Unfortunately, choosing your climbing partner according to the grades he does, is not a good idea and will lead to many surprises. You will have surprises on the crags where it is required a bit of fantasy, but especially in the mountains. I've known people who climb a lot better in the mountains than on the smaller crags and I have seen people climbing very high grades on smaller crags, but when they tried to do a classic route in the mountains they retreated after a pitch. The danger is taken into account only in some scales of difficulty. This means that the difficulty does not change if the climb has long distances between protections or can be dangerous in the event of a fall. So often you can see the usual frequenters of extreme grads, in big difficulty, hesitant and insecure on very low grades when protection is several meters below your feet. While on the other hand you can see climbers with confidence and fluency, even when a fall may be long or dangerous, but you know that they can't climb very high grades.

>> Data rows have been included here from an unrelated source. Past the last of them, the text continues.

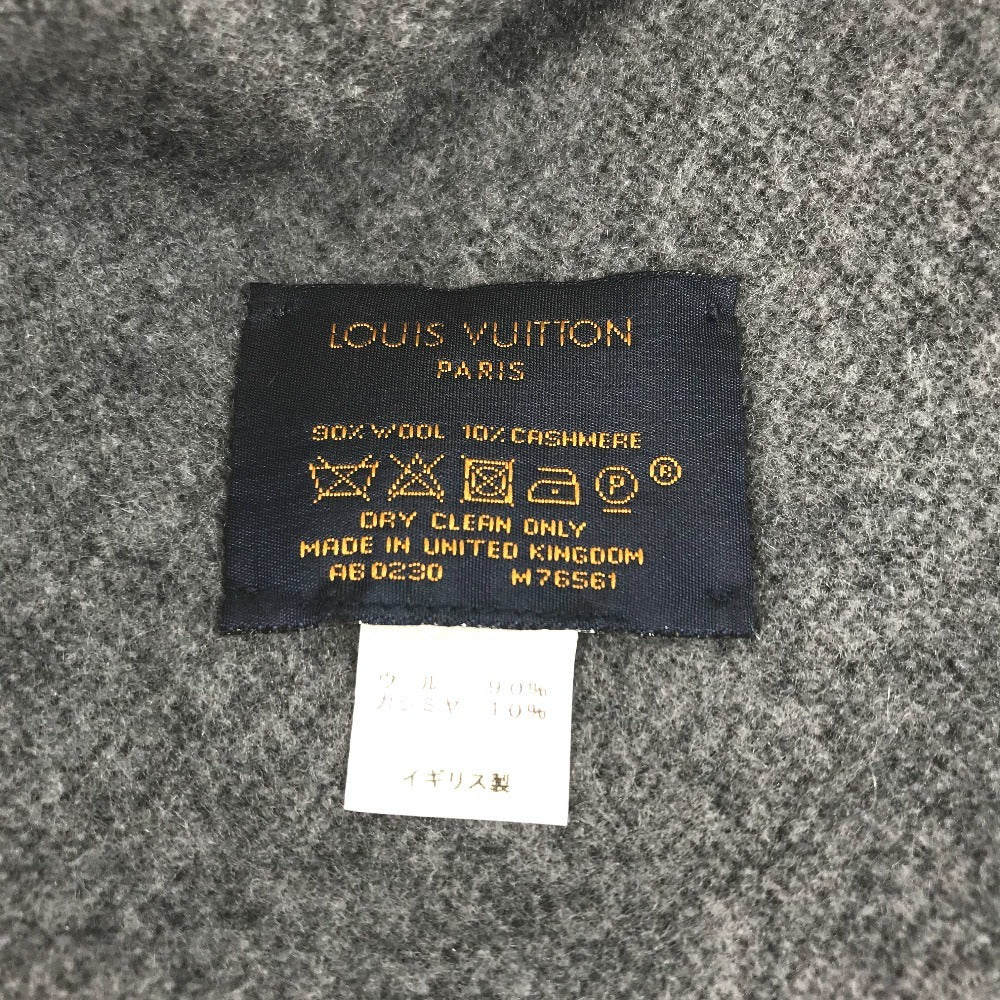 LOUIS VUITTON M76561 ダミエグラフィットジャイアント クヴェルテュールダミエクラシック インテリア ひざかけ 毛布 ブランケット ウール/カシミヤ ユニセックス ブラック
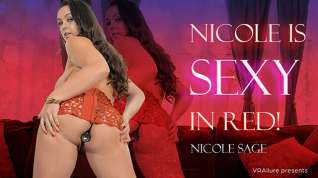 Online film VRALLURE Nicole Is Sexy In Red!
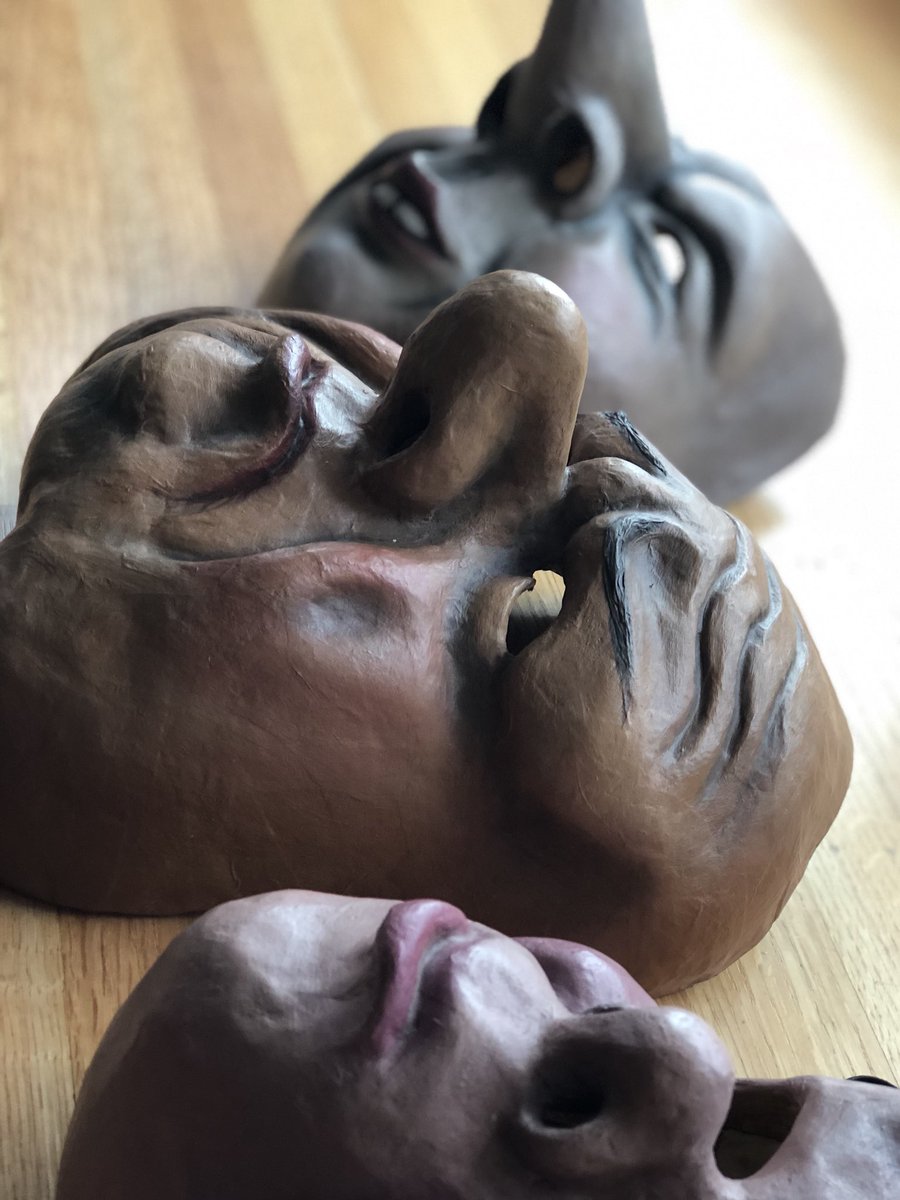 Discoursivity's tweet image. Year after year, I get to work with these superb expressive masks. 
#VancouverTheatre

First of all the people with who you climb together should to be in tune, in order to create a pleasant and creative environment. So rather than degree is advisable to seek common goals. The routes are selected for their beauty and not for their grade! Surely, if you know the grade, this will help you to choose the climb in order to enjoy climbing and to avoid getting hung up on the rope. In the mountains knowing the difficulties you can encounter in a climb, will help you find your way, you'll avoid some unexpected bivouac or other unpleasant surprises. The grade is a tool, a very inaccurate tool, that's all. By the way here is one of the many definitions of the climbing grade that you can find on internet: Climbing grade is intended as an objective measure of the difficulty of a particular climb or bouldering problem; more often is highly subjective, however.